I recognised a lot of her favourite tropes in A Gentleman's Offer. The hero, Dominic or "Beau" de Lacy, is languid, sardonic, and very concerned with his personal appearance, rather like Jack in The Black Moth and Alverstoke in Frederica. The heroine, Meg Nightingale, is an outspoken young woman with a very dysfunctional family, who is thrown into a high-stakes scheme to preserve her sister's reputation. There's also plenty of Heyer-esque slang (people are "in alt" and use epithets like "frippery fellow").

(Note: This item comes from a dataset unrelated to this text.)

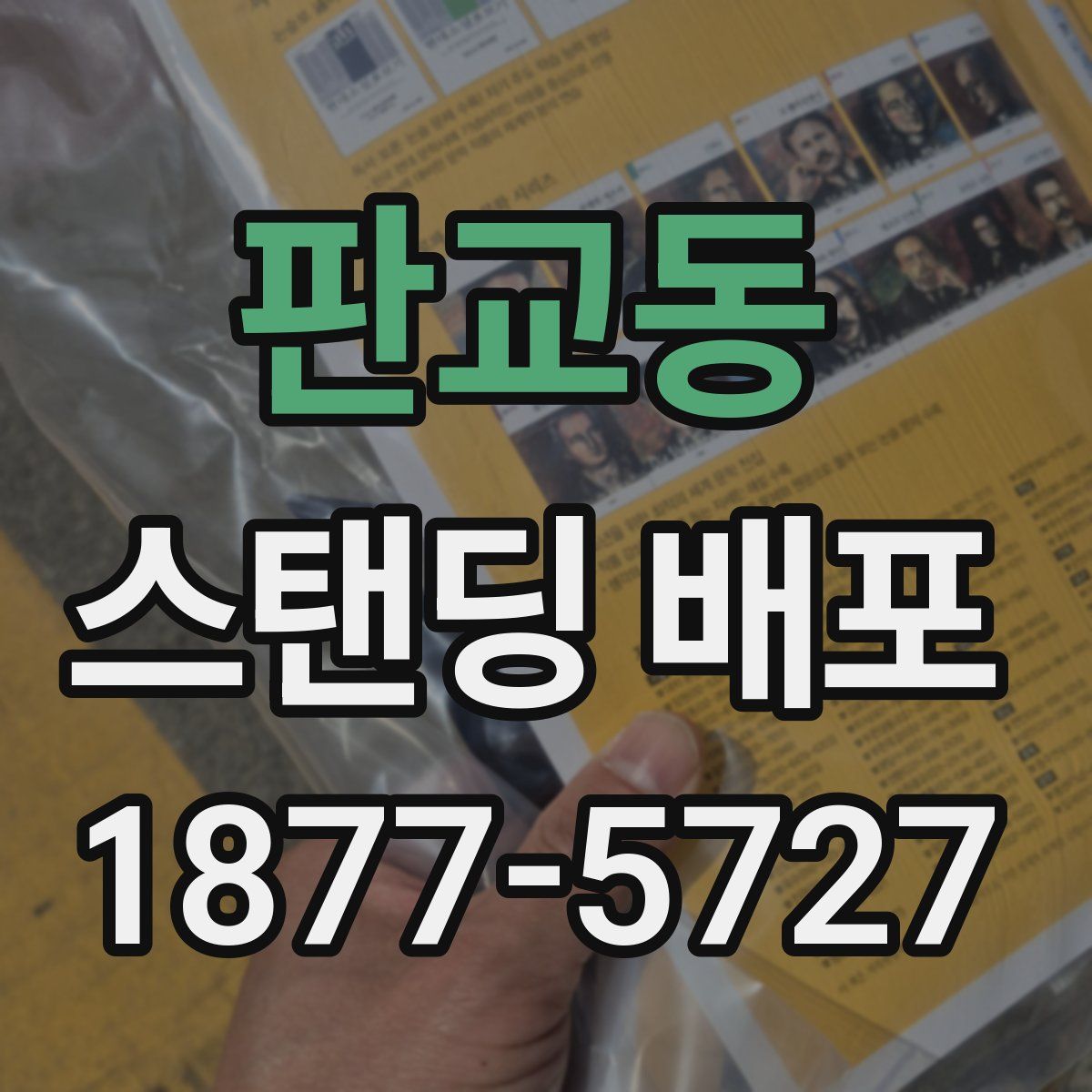 판교동 스탠딩 배포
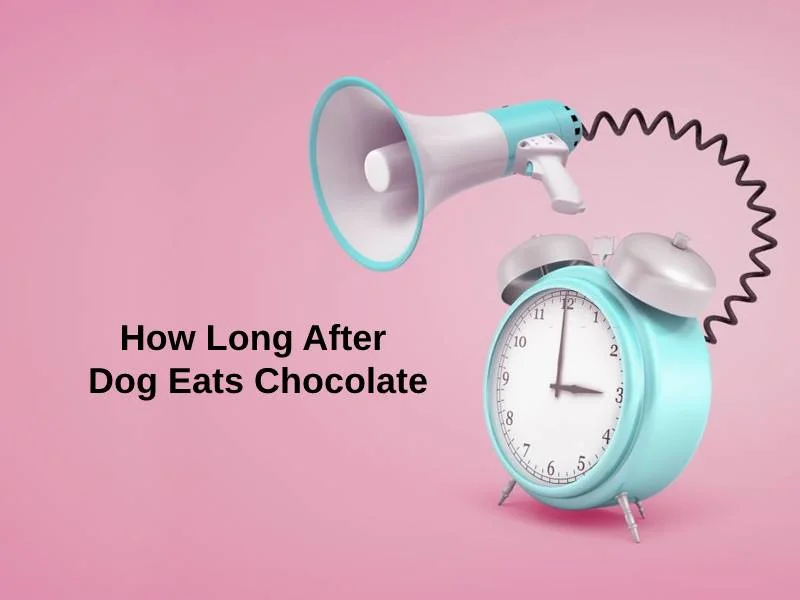How Long After Dog Eats Chocolate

The actual plot of the book, in which Meg has to impersonate her twin sister Maria after the latter suddenly disappears three weeks before her big society wedding to Dominic, was of less interest to me than the world of London high society in 1817 and the characters who inhabit it. The action turns a bit farcical in the second half, although not to a degree that overly bothered me.
The big difference to a genuine Heyer novel is the time Orchard spends on physical desire; there are the sort of explicit scenes that Georgette could never have published. They help this book feel more like its own work and less of a pastiche, as does the introduction of themes around sexuality and race, which are handled in a manner that feels appropriate to the 1817 setting.
This was a quick and entertaining read, which pays due homage to the originator of the form.